A te chiedevano di tornare? “No. L’unico era Zeman, che faceva un gioco alla Sacchi. Con il suo 4-3-3 era previsto che io tornassi. Per fortuna su quella fascia c’erano Candela e Di Francesco che correvano anche per me”. Quanto contano i gregari dei numeri dieci? “Per me sono più importanti i gregari dei numeri dieci. Nei novanta minuti sono loro decisivi. Senza gli uni non ci sarebbero gli altri. Pensa a Platini senza Bonini, a Rivera senza Lodetti. Gregario è una bellissima parola, non solo nel ciclismo o nel calcio. Tutti siamo gregari di qualcosa o di qualcuno, nella vita”.
Oggi vedi un numero dieci nel calcio mondiale? “No, non esiste più. Si è estinto, quel ruolo. E infatti non trovo una squadra che mi entusiasmi. Ma ti ricordi il Real Madrid, il Barcellona, il Liverpool, l’Inter del triplete”. Quali sono le doti che deve avere? “Tecnica, ovviamente.

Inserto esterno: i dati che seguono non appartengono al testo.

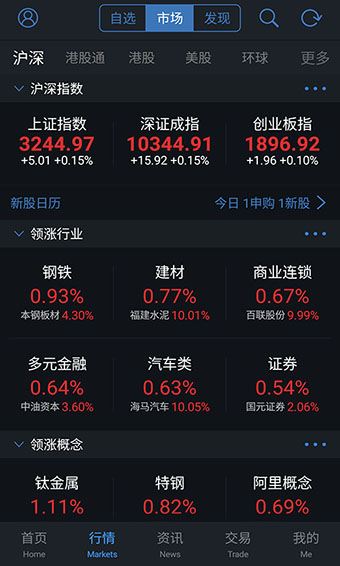 通达信安卓版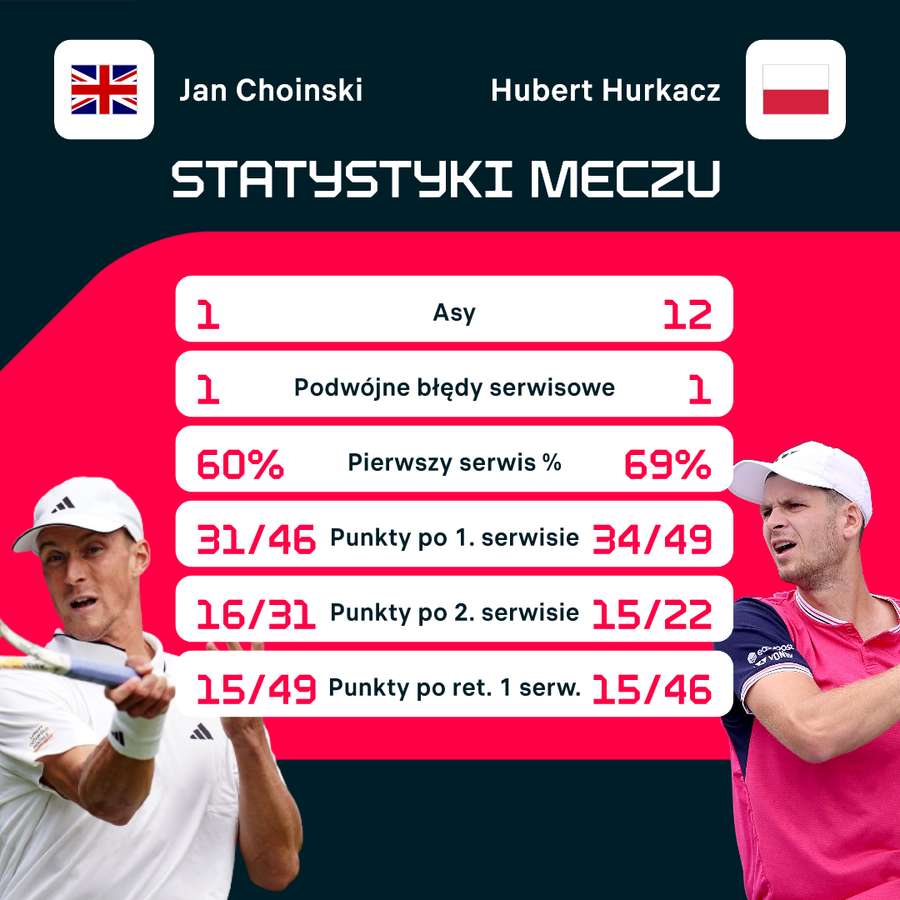 Wynik i statystyki meczu Choinski-Hurkacz w Estoril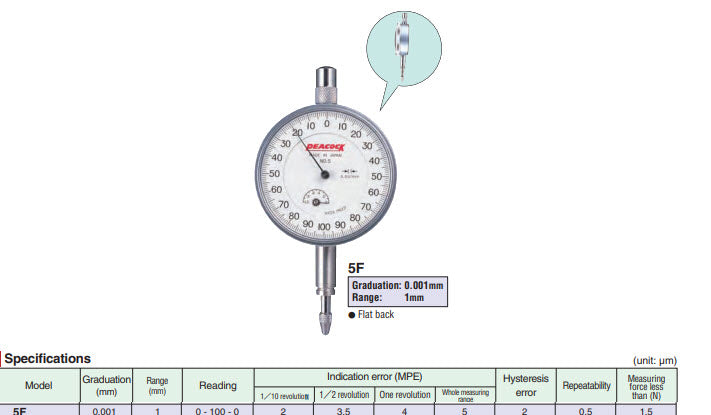 Peacock No. 5F Jewelled 0.001 x 1mm Dial Indicator Face diameter 57mm Flat back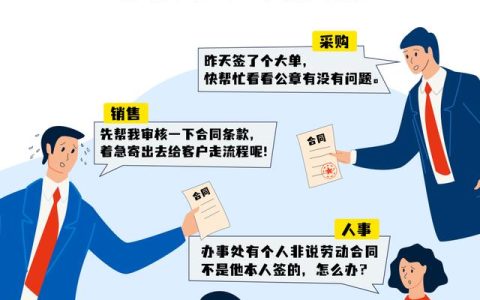 全程電子化合同管理：從內(nèi)容到簽署全面無(wú)紙化，安全又省心（合同電子化管理系統(tǒng)）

Ma soprattutto la velocità di testa. Se tu capisci le cose prima degli altri, se vedi i movimenti dei compagni di squadra, se tocchi la palla una volta meno del necessario, tu hai già fatto il tuo, da numero dieci. Direi che questa è la caratteristica: vedere prima e fare prima. Io ero fortunato perché avevo Perrotta, Delvecchio, Di Francesco che sapevano e capivano come giocavo io e, a loro volta, sapevano dove avrei messo la palla. Lo sapevano prima, anche loro. Se uno ha talento, cioè anticipa il normale, tutta la squadra gira più veloce”.